It's basically a bridged symmetrical power amp with a transient response ranging into several MHz. It would use software controlled U/I actuators driving the 'amps'. Audio amp technique at HF, with a high tolerance for various loads required, both capacitive, inductive and ofcourse resistive. The lab supply will not know what master pieces you'd connect ;) It took too much effort, in such way that it would be a whole project on its own, away from the main effort, realizing my intended amp design. That's a long time ago though, I just bought a lab supply and was done with it :p
 
Originally Posted by gootee
Tony,

I am working on it.

Here is a sample of some of the data I have generated with the simulations I mentioned earlier.

I am also working on using square waves, for testing. So the results in the examples might change.

Cheers,

Tom

Hi Tom,

Maybe you could have discussed the importance of this data ;)

What a coincidence. I just came back to post the rest of it.

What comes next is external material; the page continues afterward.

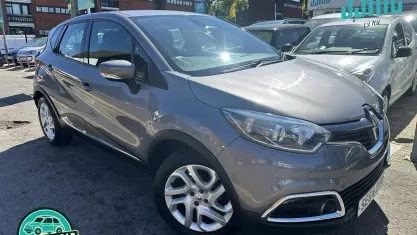 Used Renault Captur Dynamique 90 HP (66 kW) 2015 Grey SUV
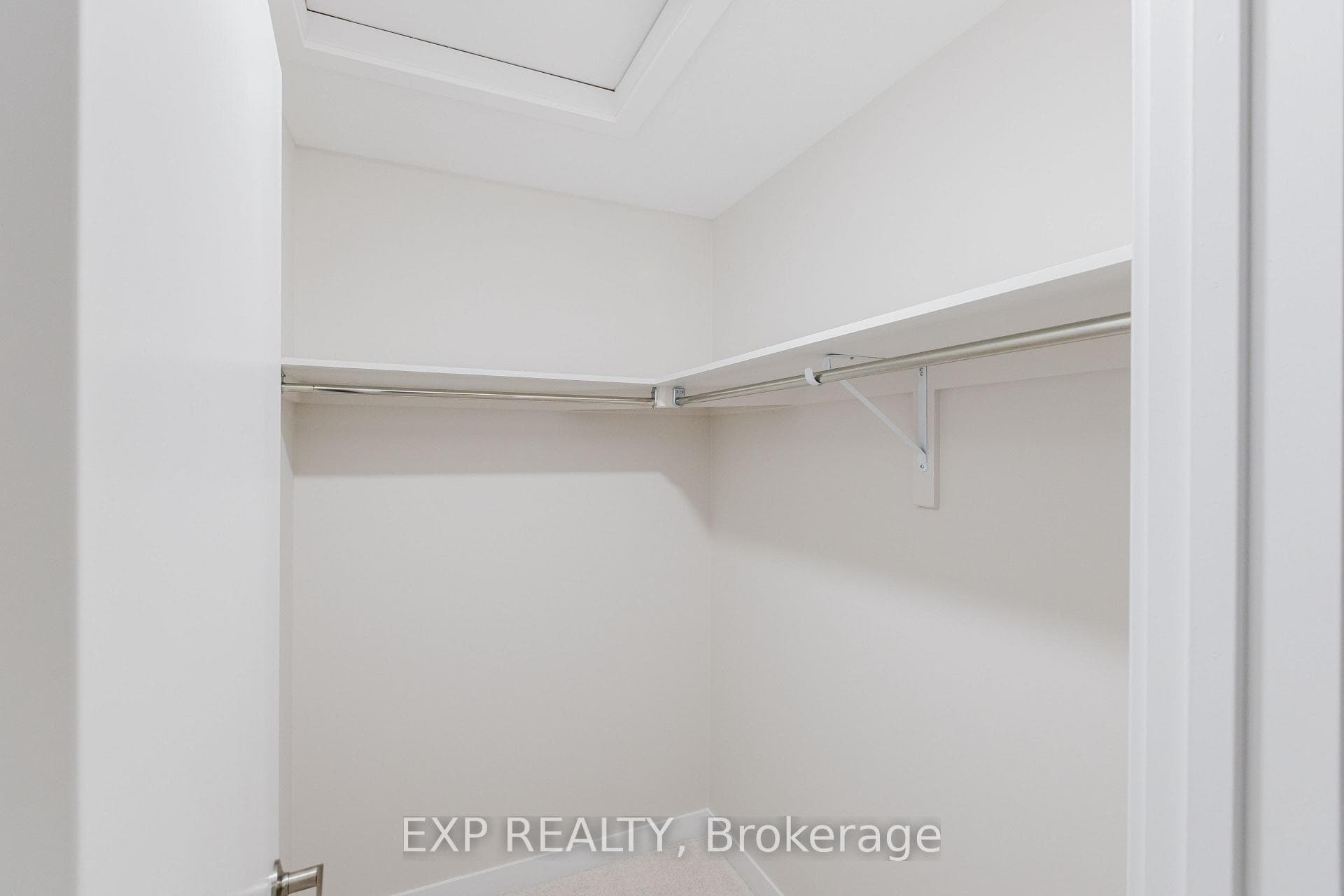 133 Ryan Reynolds Way photo 18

Below are the schematic used for the simulations, the main table of initial results, some info about the power supply behavior (because if that's no good then the data might be no good), plots of THD vs reservoir capacitance, and a zip file with the simulation files plus the Excel spreadsheet that has all of the data in it.

Please understand that I used THD here only as a tool (with an incomplete amplifier), only in order to more-easily find the minimum viable capacitance value, during C-value sweeps, to find the point (C value) where the PSU itself was no longer deforming the amplifier's output waveform due to the capacitance being too low. Otherwise, I would have had to try to very-closely inspect the output error plot and the signal output plot. And then there also would have been no real context for the swept capacitance values.

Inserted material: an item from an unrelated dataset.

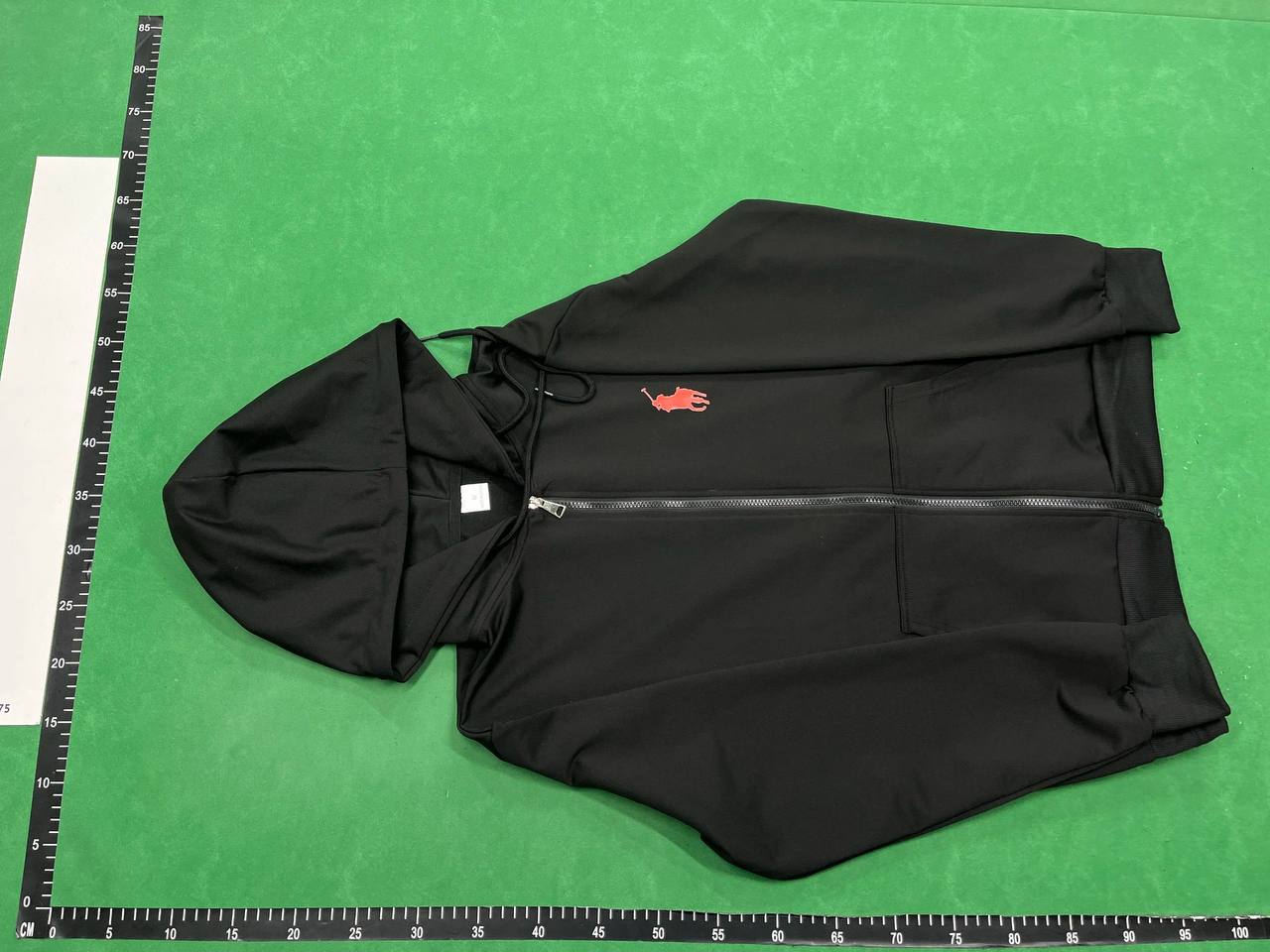 Ralph Lauren suit (40 style)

After all of that, I still didn't know exactly how to actually CHOOSE the minimum capacitance, from the data. So I tried a couple of ways:

First, I looked at the THD for a huge capacitance, then backed up until I found a THD that was 1.01 times the THD with the huge capacitance. The capacitance value found that way in labeled "Cmin 1%", in the table.

Second, I just "eyeballed" the plots and tried to pick a minimum value that was past the more-vertical section of the plot, without being too greedy about the THD, which was not changing much anyway, and while trying not to think about the uF per Amp that would result. That process was very difficult to be objective about, especially after expanding the low-level portion of each plot. The minimum capacitance found that way is labeled "Cmin from Plot", in the table, and might be more or less meaningless.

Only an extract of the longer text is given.